Authored by dgibson on Jul 23 2021, 6:55 PM.



A user is reporting that writing to a tempdir on their machine takes 6 minutes. This is a nice excuse to clean up the way we do gRPC server startup - we have a perfectly good way to check if a server is running, so let's use it.

The one thing that we lose here is reporting a load error on startup in a structured way, but the --lazy-load-user-code

Test Plan

BK, run dagit locally, gRPC servers still load, simulate load failure, get a clear error in dagit

Diff Detail

R1 dagster
Lint Not Applicable
Tests Not Applicable

Event Timeline

this means we now need to lazy-load the server so that the error can be passed along in a structured way later, but that's fine

Harbormaster returned this revision to the author for changes because remote builds failed.Jul 23 2021, 7:31 PM
Harbormaster failed remote builds in B34157: Diff 42222!
dgibson published this revision for review.Jul 23 2021, 8:27 PM
dgibson added inline comments.

this is for idempoetency - weirdly the error changes to be less useful the second time you try to load it

182 ↗(On Diff #42251)

when is this False? should we drop the bool arg for GrpcServerProcess?


hmm this seems odd - do you have an example?

Should encode probably a comment here

also worth changing the name of _serializable_load_error to be more specific since it only applies to one of this classes N responses-which-may-error


@alangenfeld example of what you're asking for is here.

First load says "object is not callable", second load says (paraphrased) "error_repo object does not exist in module" (I think somewhere deep in python module loading code it doesn't bother to try again loading a module that it loaded before when there was a load error)
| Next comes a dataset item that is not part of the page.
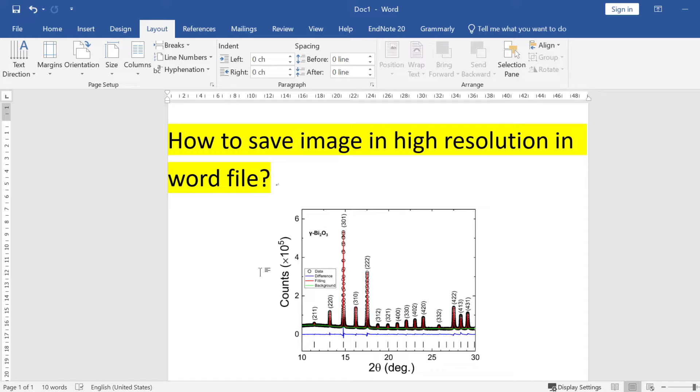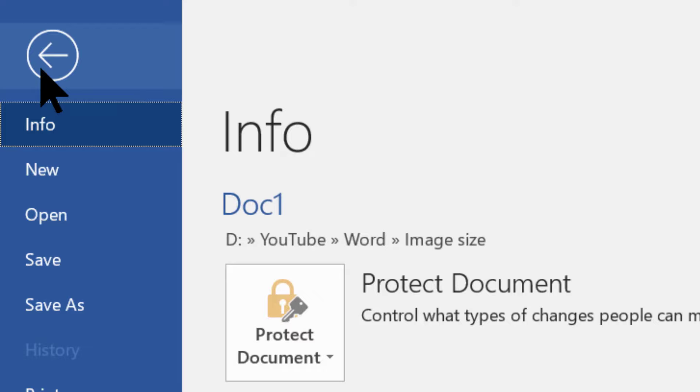To save this Word file with the image in high resolution, you need to click on File. After that, you can see at the bottom there is an option - click on Options.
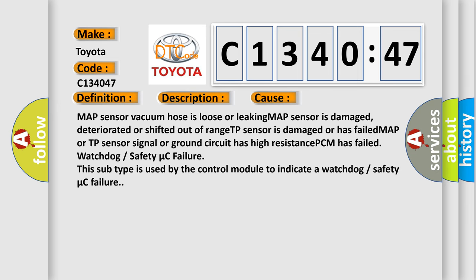This diagnostic error occurs most often in these cases: Map sensor vacuum hose is loose or leaking. Map sensor is damaged, deteriorated or shifted out of range. TP sensor is damaged or has failed. Map or TP sensor signal or ground circuit has high resistance. PCM has failed.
ah ok so it is the module load - the error condition you describe makes sense then but definitely worth commenting in [1] that we are assuming any exception that occurs is coming from the target code and due to python module loading behavior we capture, keep, and always re-throw that original error.



it's surprising to me looking at this code that the python module load happens in one of these properties - I assume due to work happening in a @property? Might be worth making it a getter for clarity.


looking at [2] can this not be scoped to DagsterUserCodeProcessError? At least for the load problem behavior we are targeting with this idempotent capture?



the broad except + assumptions spooks me a bit, so at least make sure the assumptions are clearly commented in-case someone bumps in to this debugging

This revision is now accepted and ready to land.Jul 26 2021, 4:27 PM

DagsterUserCodeProcessError is thrown a layer above this (in the client making the gRPC call)

rebase, feedback, add comments

This revision was landed with ongoing or failed builds.Jul 27 2021, 2:26 PM
This revision was automatically updated to reflect the committed changes.